28^th Euro-Global
Neurologists Meeting

Biography

Ludmilla Morozova-Roche is a Professor in Medical Biophysics at the Umeå University, Sweden. She and her research group has been conducting research on S100 proteins in neurodegenerative and inflammatory diseases during last ten years and showed that S100A9 in particular plays critical role in driving the amyloid-neuroinflammatory cascade in Alzheimer’s, Parkinson’s and traumatic brain injury and therefore can be used as a prospective therapeutic and diagnostic target.

Abstract

Chronic neuroinflammation is a hallmark of neurodegenerative diseases, associated with increased levels of pro-inflammatory factors in the brain tissues.
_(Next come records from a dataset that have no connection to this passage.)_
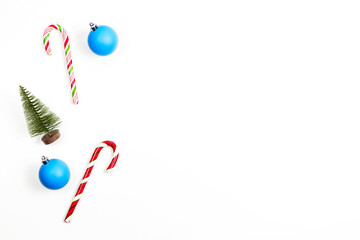 Minimal Christmas background. Candy canes, little Xmas tree and blue Xmas decoration bauble balls on white background. Top view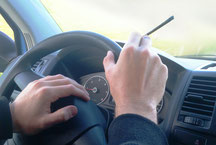 Hände am Steuerrad beim Auto fahren mit CBD Joint in der Hand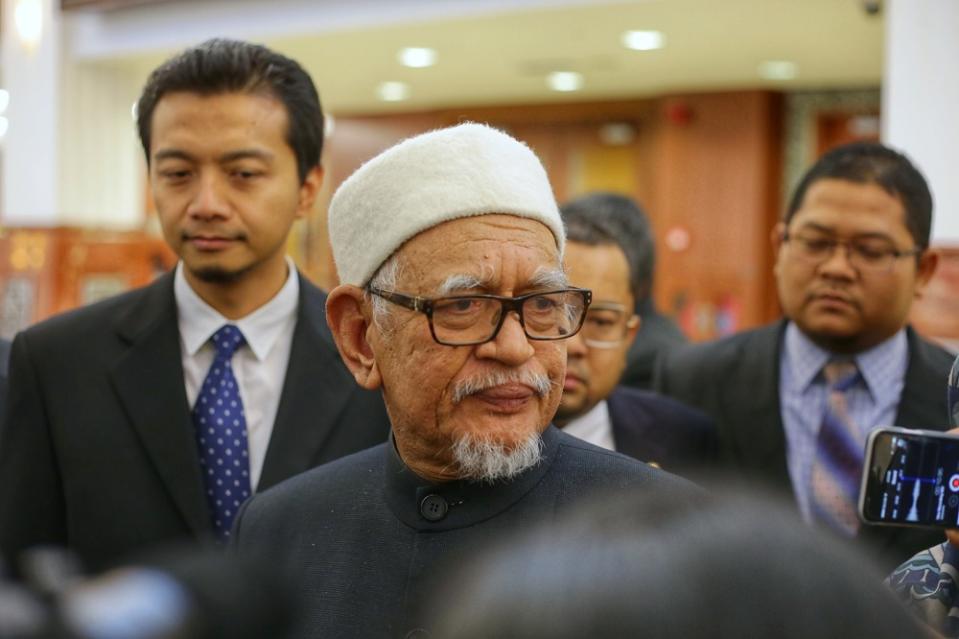 Datuk Seri Hadi Awang speaks to reporters at Parliament lobby October 15, 2019. — Picture by Ahmad Zamzahuri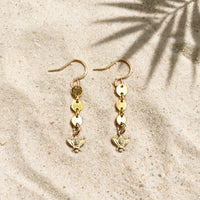 Bee Charm Coin Earrings in 14k gold fill, styled on pale sand at the beach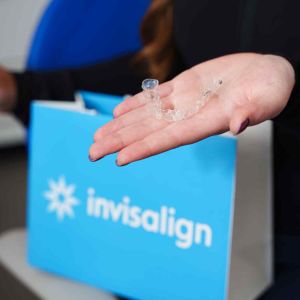 Hand holding a clear Invisalign aligner over branded packaging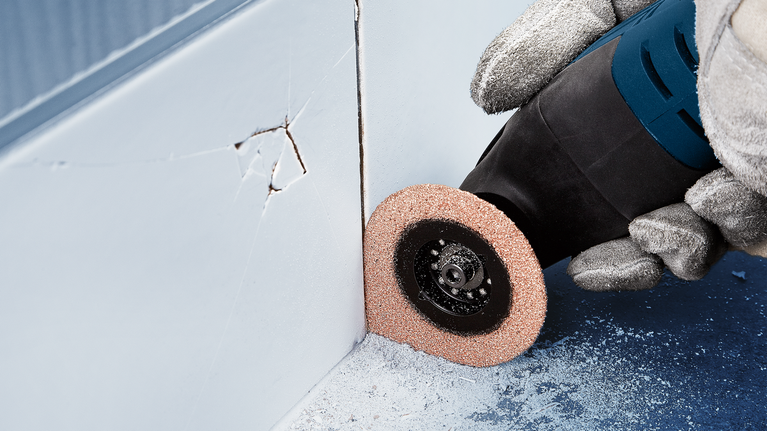 บุคคลที่สวมอุปกรณ์ด้านความปลอดภัยใช้เครื่องมือหมุนเพื่อเจียรบริเวณมุมผนัง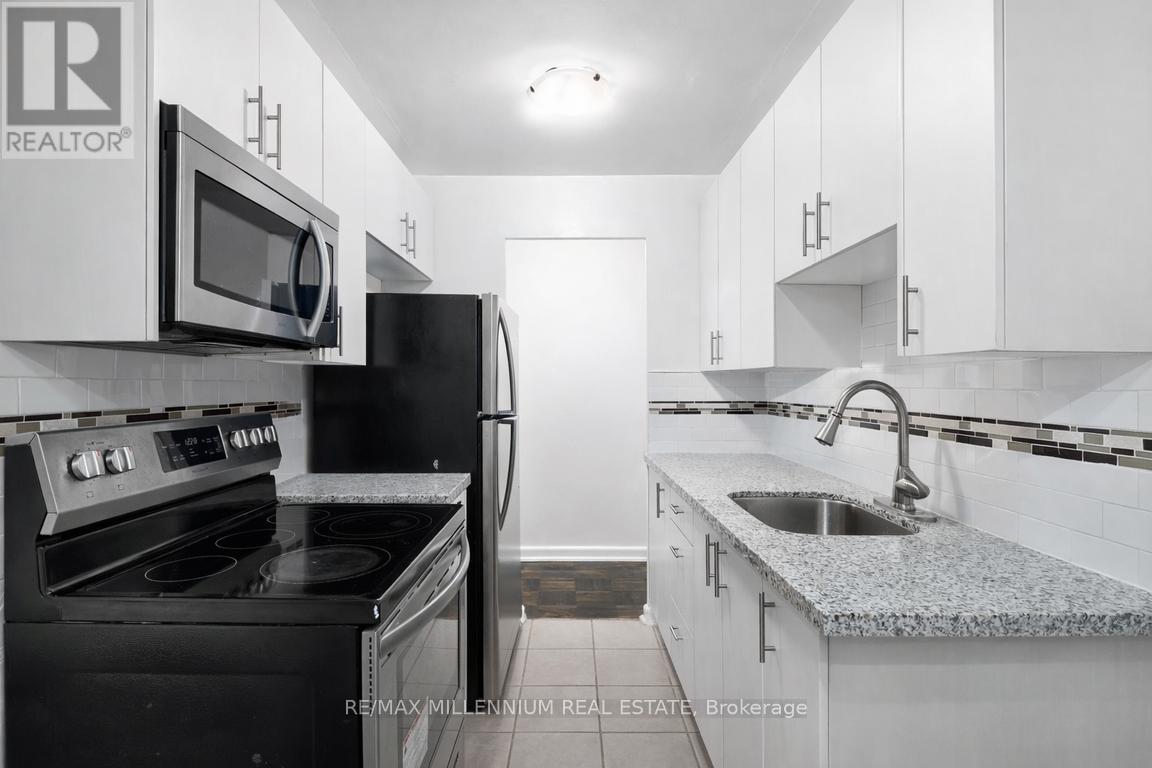 A kitchen with black appliances and white cabinets.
Methodology and Theoretical Orientation:

The research was conducted by using a range of biophysical and biochemical techniques such as AFM, fluorescence, NMR, surface plasmon resonance, circular dichroism, ELISA and western blots; cell biological methods and immunohistochemistry and immunocytochemistry.

Findings:

We have shown that the pro-inflammatory mediator and highly amyloidogenic protein S100A9 is involved in the amyloid-neuroinflammatory cascades in Alzheimer’s disease, where it co-aggregates with Ab peptide, contributing to amyloid plaque formation and intracellular aggregation [1], in Parkinson’s disease – it forms co-aggregates with a-synuclein and involves in Lewy body formation [2], and in traumatic brain injury – S100A9  is highly abundant in the brain tissues and forms numerous precursor-plaques. In wild-type mouse model the intranasal administration of S100A9 amyloids induces wide-spread cellular stress responses in the brain tissues and Alzheimer’s-like behavioural impairment in passive avoidance test [3]. In vitro S100A9 easily aggregates under native pH 7.4 and 37 °C conditions and this process is well quantitatively described by generic Finke-Watzky two-step nucleation-autocatalytic growth model [4]. The co-aggregation of S100A9 with Ab peptide or a-synuclein occurs significantly faster and leads to formation of larger amyloid aggregates than the self-assembly of individual proteins. S100A9 amyloid oligomers are more toxic than those of Ab or α-synuclein, while the co-aggregation with Ab/ α-synuclein mitigates the cytotoxicity of S100A9 oligomers. The levels of S100A9 follow those of Ab in cerebrospinal fluid during the development of Alzheimer’s disease and S100A9 together with Ab can serve as a biomarker for early stages of Alzheimer’s disease, starting from mild cognitive impairment [5].

Conclusion and Significance:

The finding of S100A9 involvement in neurodegenerative diseases may open a new avenue for therapeutic interventions targeting pro-inflammatory S100A9 and preventing the amyloid self-assembly in affected brain tissues.